JUST REWARDS
Pat Miller
© 2000, Pat Miller/Peaceable Paws, LLC All Rights Reserved
The trim, middle-aged lady strode briskly down the rubber mat in the training center, her black Labrador Retriever bouncing happily at her side. She came to a smooth halt, and Skip sat promptly next to her, in perfect heel position. “Yes!” I thought to myself, and then winced as Carla reached down and enthusiastically patted Skip on the head. Skip jumped up and backed away from his human.
“Carla,” I said softly. “You just punished him for sitting straight.” Carla’s face fell. “Darn it!” she exclaimed. “Why can’t I remember that!”

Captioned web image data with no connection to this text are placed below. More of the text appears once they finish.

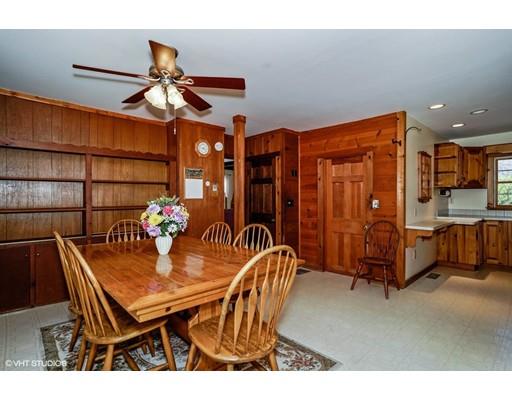 84 Millway, Barnstable, MA 02630 photo 7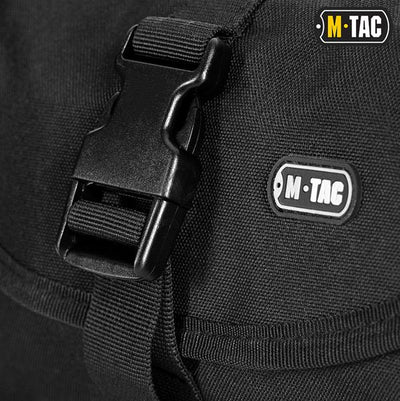 M-Tac Toiletry Kit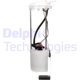 Purchase Top-Quality Fuel Pump Module Assembly by DELPHI - FG1432 pa21
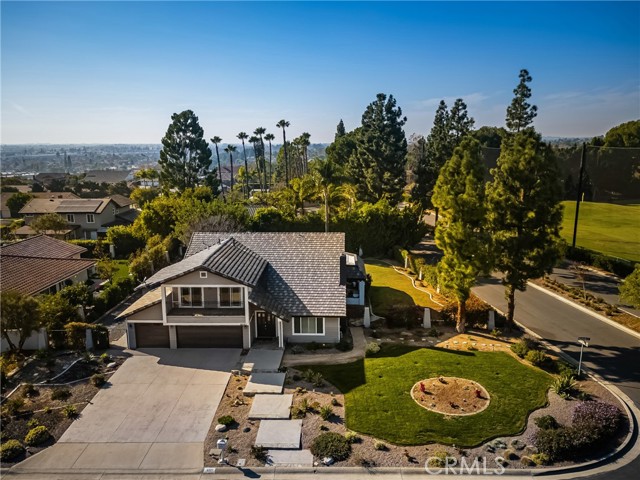 Detail Gallery Image 65 of 68 For 6001 Foxfield Ln, Yorba Linda,  CA 92886 - 5 Beds | 3 Baths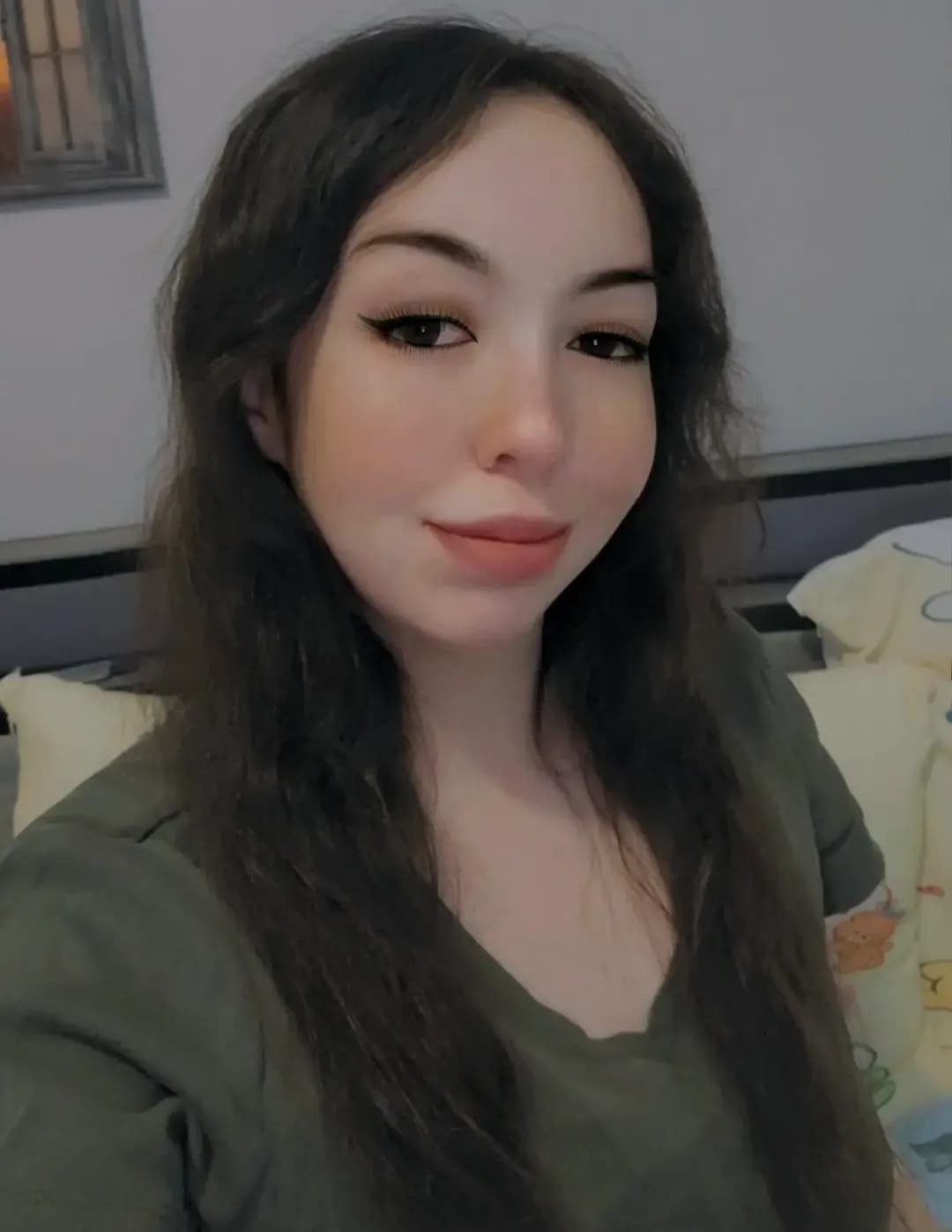 Alessia Pellegrini image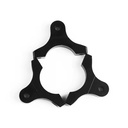 Product Importer Gallery 04 · fd23f72056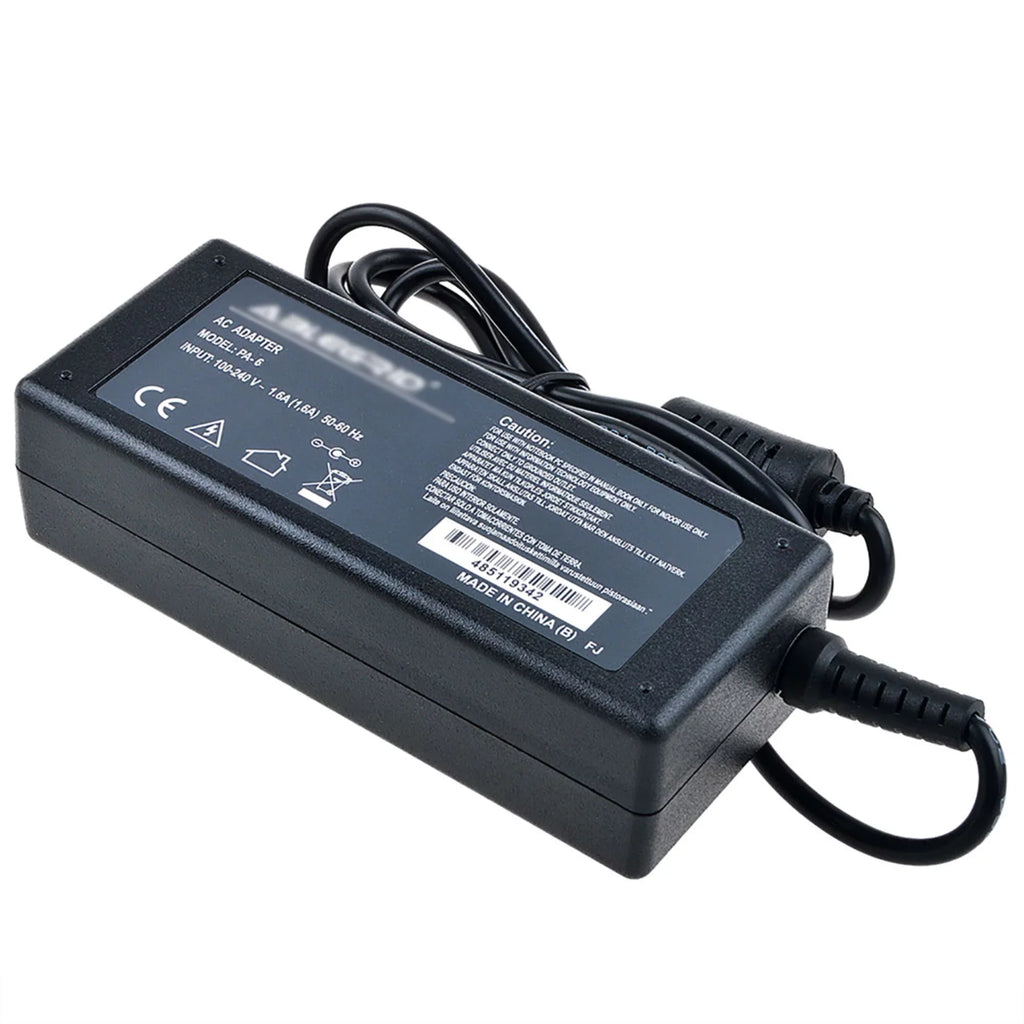 PKPOWER 65W for  Probook 430-G1 430-G2 440-G1 440-G2 450-G1 450-G2 455-G1 455-G2 640-G1 645-G1 650-G1 655-G1 EliteBook 745-G2 820-G1 820-G2 840-G1 840-G2 850-G1 850-G2 Revolve 810 ZBook 14 15u G2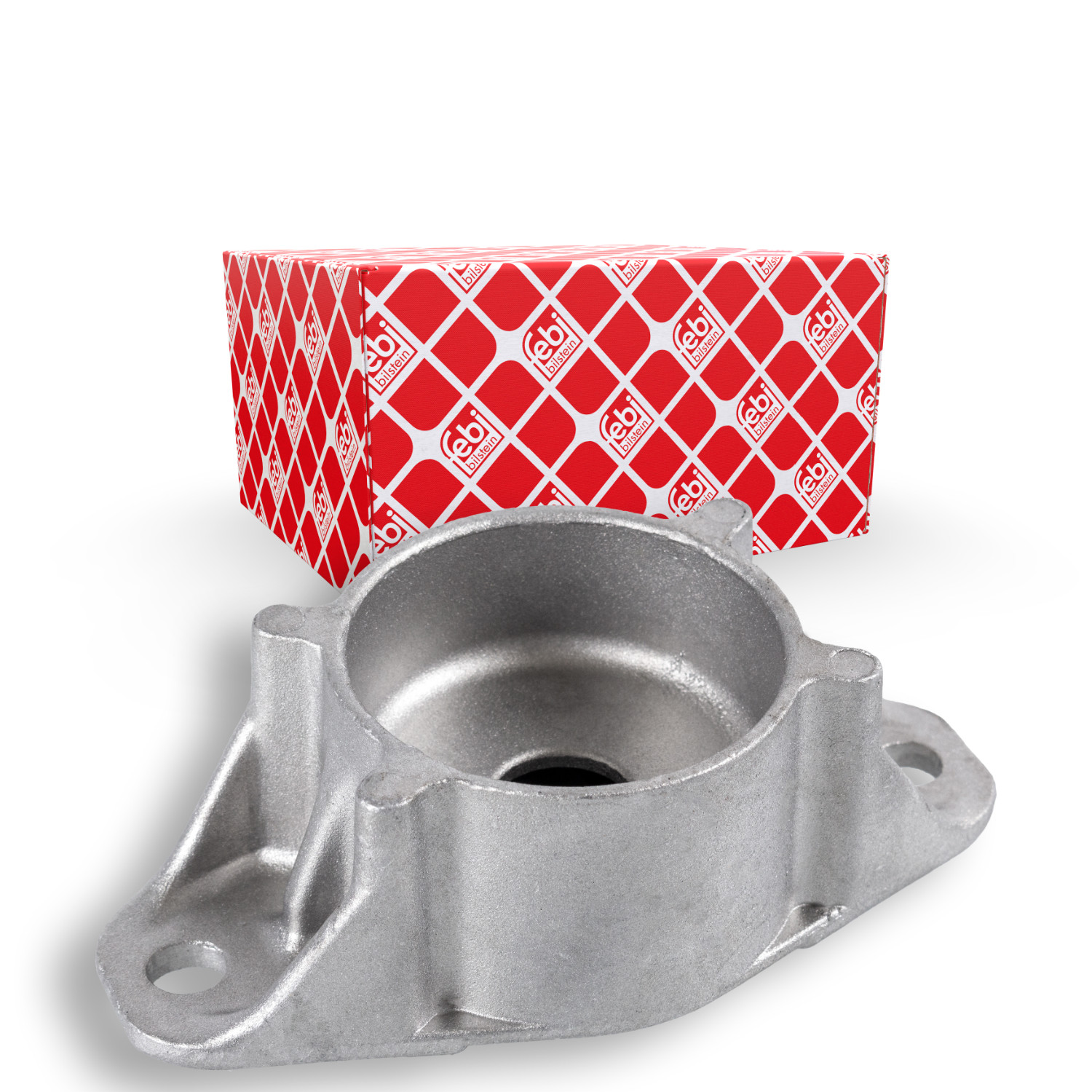 FEBI BILSTEIN Federbeinst&uuml;tzlager 26577 f&uuml;r FORD MAZDA VOLVO FORD USA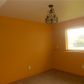 1021 S 3rd St, Saint Maries, ID 83861 ID:12779546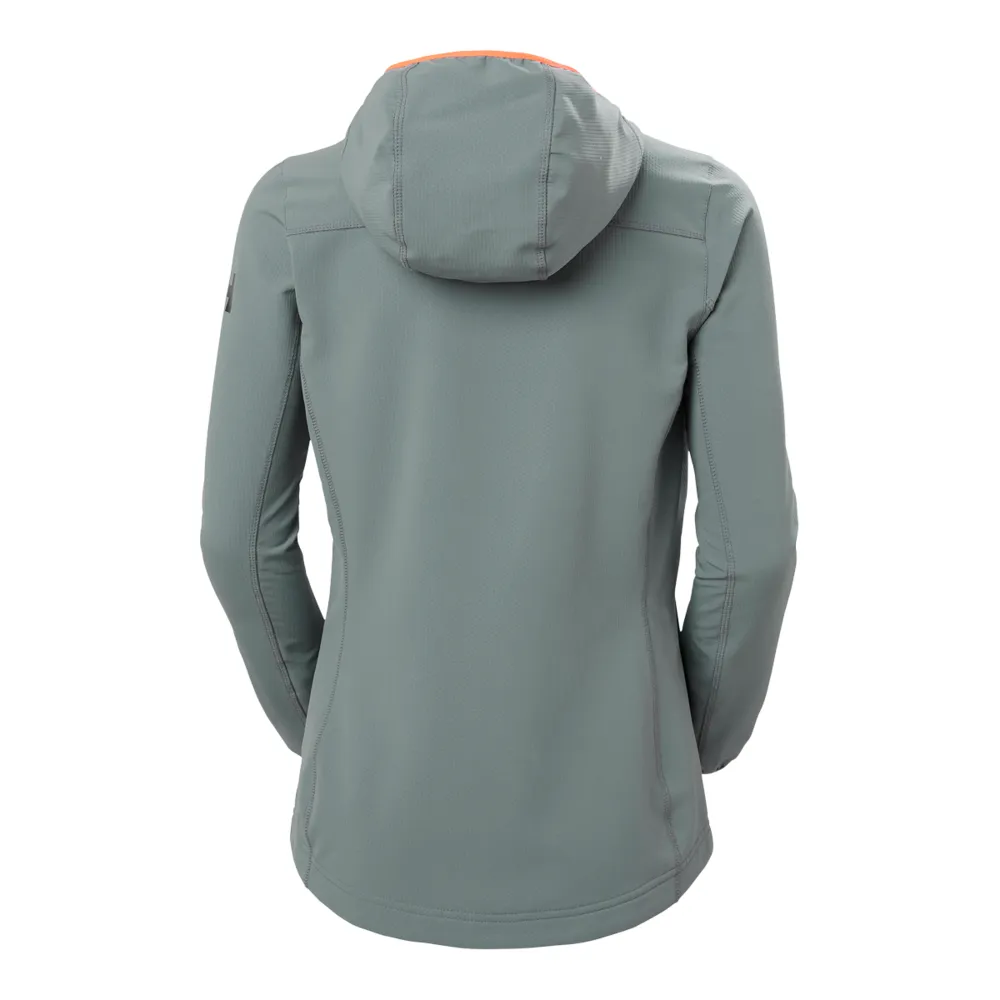 Helly hansen clearance 77 jacket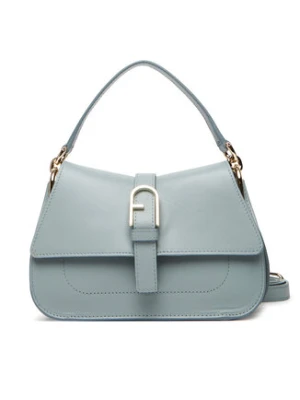 Furla Torebka Sfera WB01032 BX2045 BG 3963S Niebieski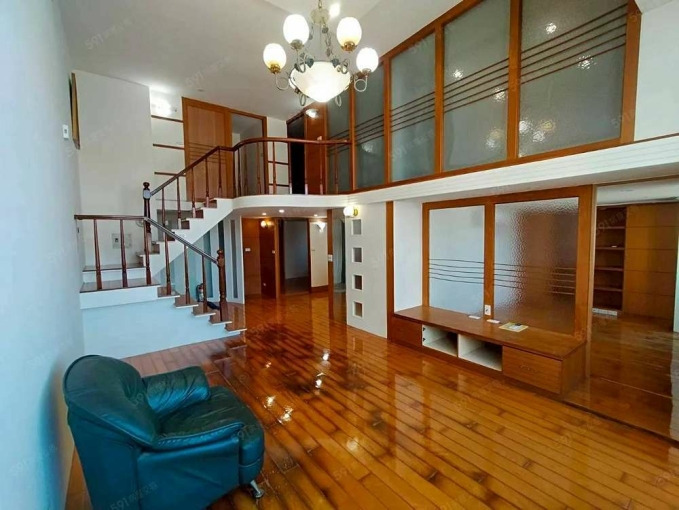 5585【中正特區】新洋房 (可租補)（第1張）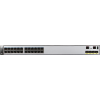 [S5730-44C-PWH-HI] ราคา จำหน่าย Huawei S5700 24*10/100/1000BASE-T ports, 4*10GE SFP+ ports, 2*expansion slots, PoE++, without power module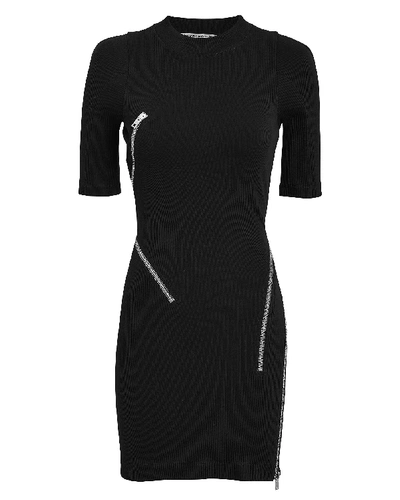 alexander wang black bodycon dress KUTUMAI Women's Summer Floral Bodycon Maxi Dress Spaghetti Strap Sleev –  我的商店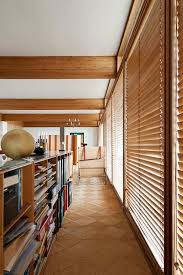 (0.0 avg rating, 0 ratings, 0 reviews). Kjaerholm House Poul Kjaerholm Arkitekt Hus Kjaerholm Rungsted Kyst Architecture House Plans House Karpett Merah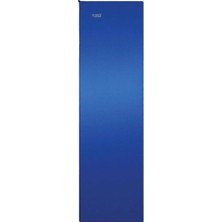 Jr Gear Classic Rectangular 2.5cm Şişme Mat-Std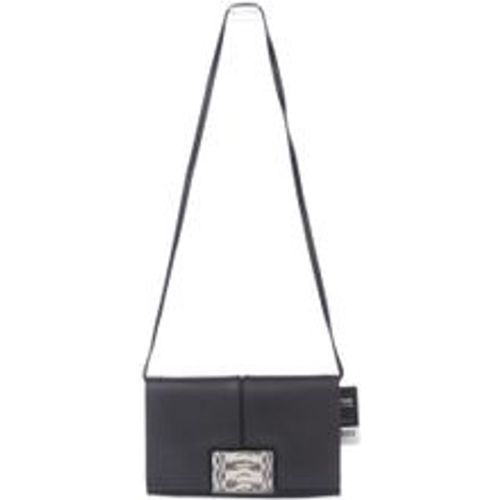 Damen Handtasche, , Gr - Furla - Modalova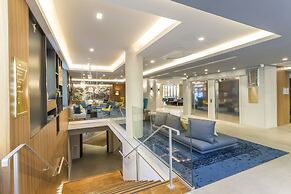 Nemea Appart Hotel Cannes Palais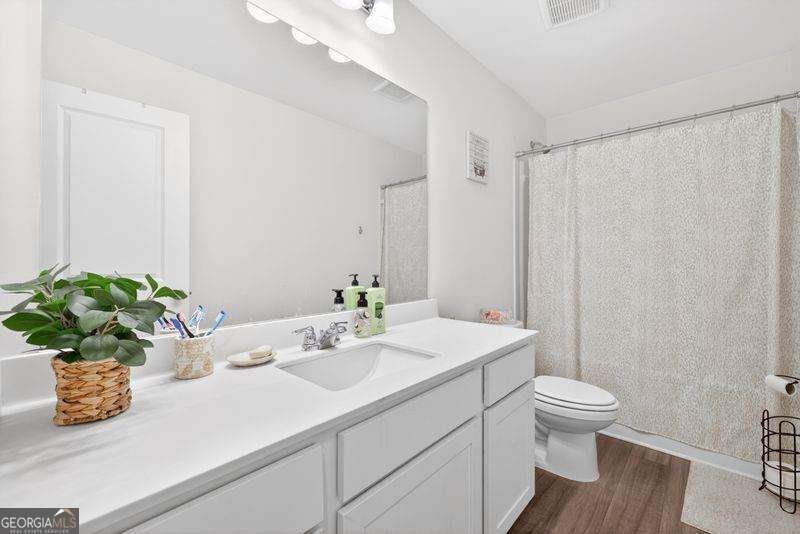 764 Knightsbridge Lane Winder - Photo 29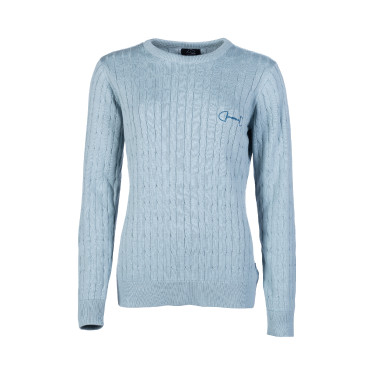 Maglione Port Royal HKM Maglione Port Royal HKM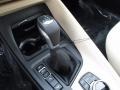 Alpine White - X1 xDrive28i Photo No. 14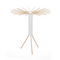 Fo15756 Foppapedretti Octopus Folding Drying Rack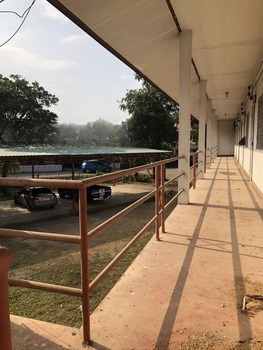 ���⡴ѧ �Ⱥ�Ź����§������§����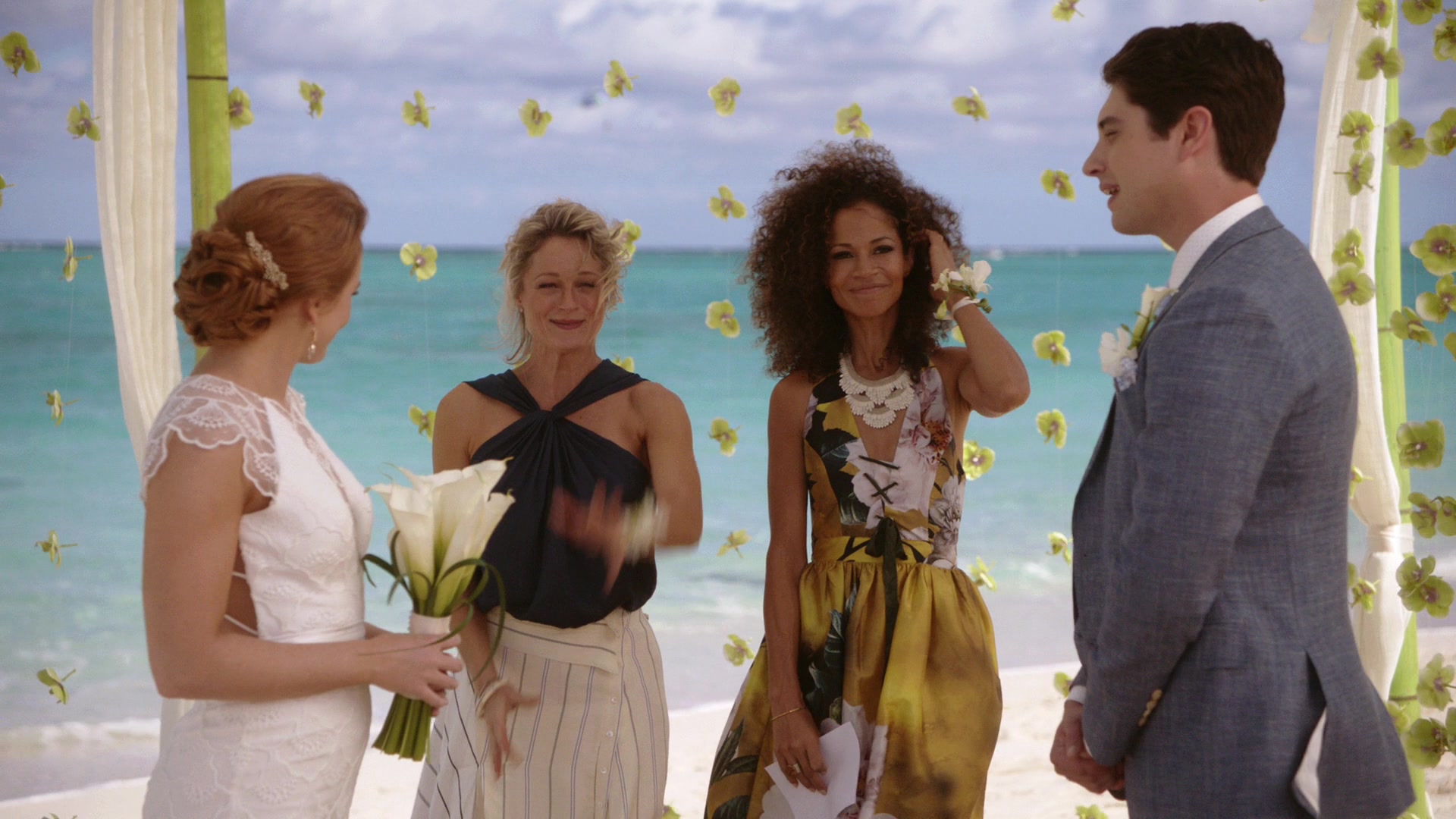 The_Fosters_2013_S05E22_1080p_ACN_002936.jpg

Wait a minute...since when is patting a dog considered punishment? Ever since Skip let us know by ducking his head and backing away from Carla’s hand that he didn’t enjoy being petted. All the other Labs that Carla had owned and trained throughout her life had adored being touched as a reward. Carla petted her dog for being good without even thinking about it – it was a well-conditioned response. Unfortunately, since Skip didn’t like being touched, every time she did it to him, she was actually punishing him, decreasing the likelihood that he would perform that perfect sit again!
A dog’s
decisions in life, and his resulting behaviors, are based on whether a
particular behavior yields something he likes (a reward), or something he
doesn’t like (a punishment). Training is simply a matter of manipulating the
rewards and punishments in a thoughtful manner . . . But you have to know your
dog – be thoroughly aware of his likes and dislikes – and conscious of your own
behavior to make “training” work for you.
Rewards and punishments
In the 1950s, behavioral
scientist B.F. Skinner developed a number of principles that are applicable to
all living things with a central nervous system. He found that animals are
likely to repeat behaviors that are enjoyable/rewarding to them, and not likely
to repeat behaviors that result in something unpleasant (punishment). Neutral
stimuli – things that don’t matter to the animal – don’t have an impact on
behavior one way or the other.
Skinner
demonstrated that humans can use these simple principles to modify an animal’s
behavior. Rewards are the most reliable way to deliberately increase an
animal’s offered behaviors; conversely, punishment decreases those behaviors.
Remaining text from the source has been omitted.